After some settlement work and a trip around the world, Thomas decided to follow in his father's footsteps and enrolled in Union Theological Seminary. He graduated from the seminary and was ordained as a Presbyterian minister in 1911. After assisting the Rev. Henry Van Dyke at the fashionable Brick Presbyterian Church on Manhattan's Fifth Avenue, Thomas was appointed as pastor for the East Harlem Presbyterian Church, ministering to Italian-American Protestants. Union Theological Seminary had been, at that time, a center of the Social Gospel movement and liberal politics, and as a minister, Thomas preached against American participation in the First World War. This pacifist stance led to his being shunned by many of his fellow alumni from Princeton, and opposed by some of the leadership of the Presbyterian Church in New York. When church funding of the American Parish's social programs was stopped, Thomas resigned his pastorate.
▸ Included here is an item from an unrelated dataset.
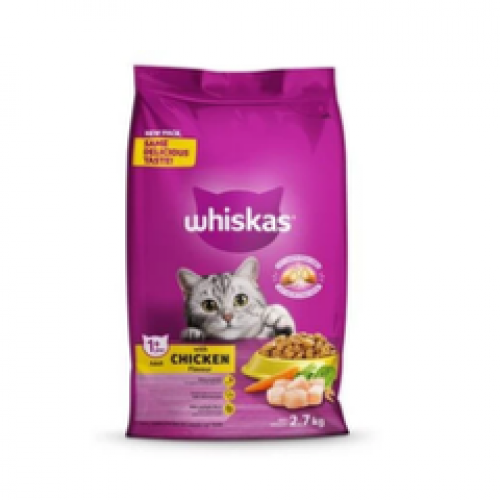 Whiskas with Chicken Flavour2.7kg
Despite this resignation of his position, Thomas did not formally leave the ministry until 1931, after his mother's death.
It was Thomas' position as a conscientious objector which drew him to the Socialist Party of America (SPA), a staunchly antimilitarist organization. When SPA leader Morris Hillquit made his campaign for Mayor of New York in 1917 on an anti-war platform, Thomas wrote to him expressing his good wishes. To his surprise, HIllquit wrote back, encouraging the young minister to work for his campaign, which Thomas energetically did. Soon thereafter he himself joined the Socialist Party. Despite his membership in the Marxist SPA, Thomas was never himself an orthodox Marxist, instead favoring a Christian socialist orientation.
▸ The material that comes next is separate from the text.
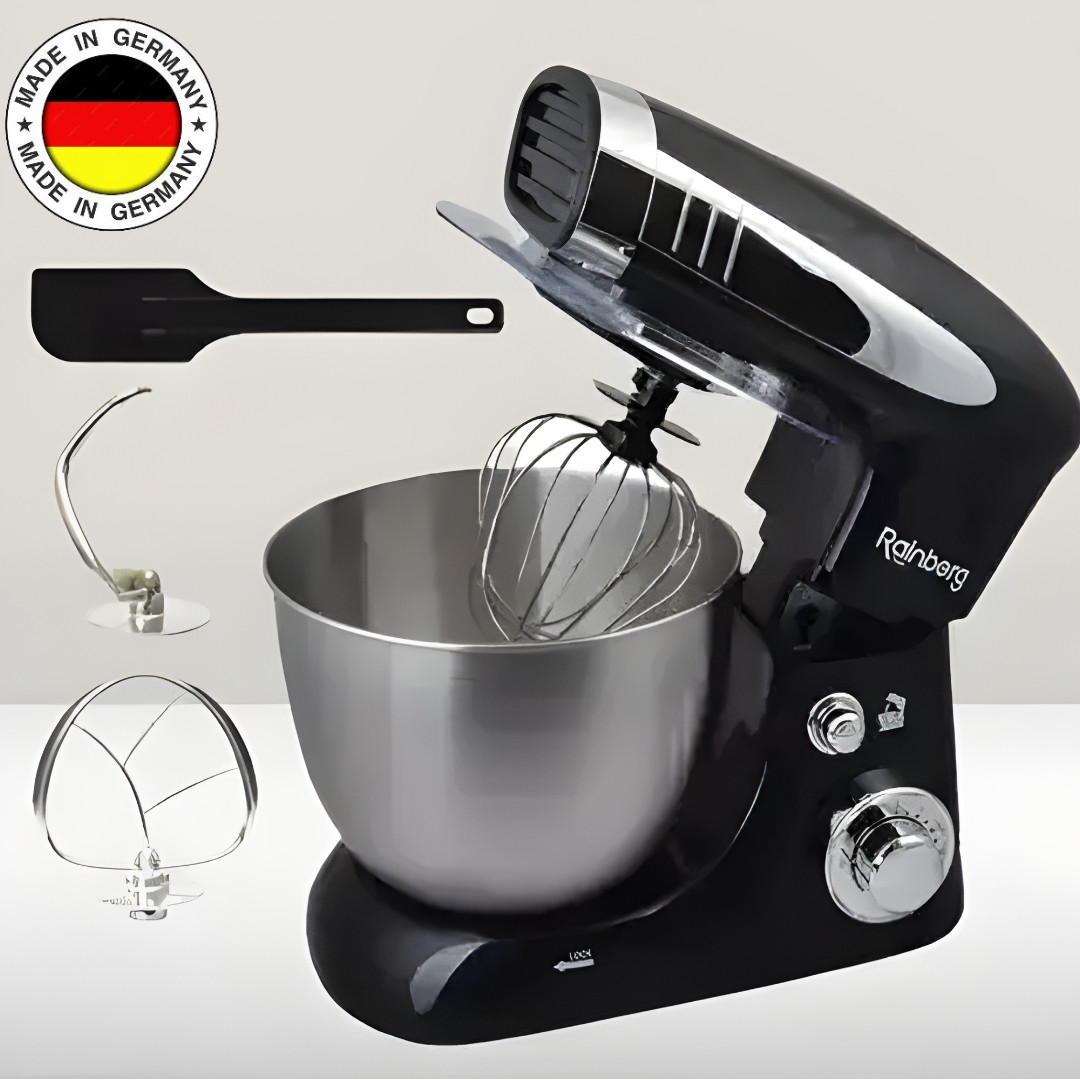 Кухонний комбайн для выпички Rainberg Миксеры с чашей (3200 Вт ...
Thomas was the secretary (then an unpaid position) of the pacifist Fellowship of Reconciliation even before the war. When the organization started a magazine called The World Tomorrow in January 1918, Thomas was employed as its paid editor. Together with his co-thinker Devere Allen, Thomas helped to make The World Tomorrow the leading voice of liberal Christian social activism of its day. In 1921, Thomas moved to secular journalism, when he was employed as associate editor of The Nation magazine.
In 1922 Thomas became co-director of the League for Industrial Democracy. Later, he was one of the founders of the National Civil Liberties Bureau (the precursor of the American Civil Liberties Union, ACLU).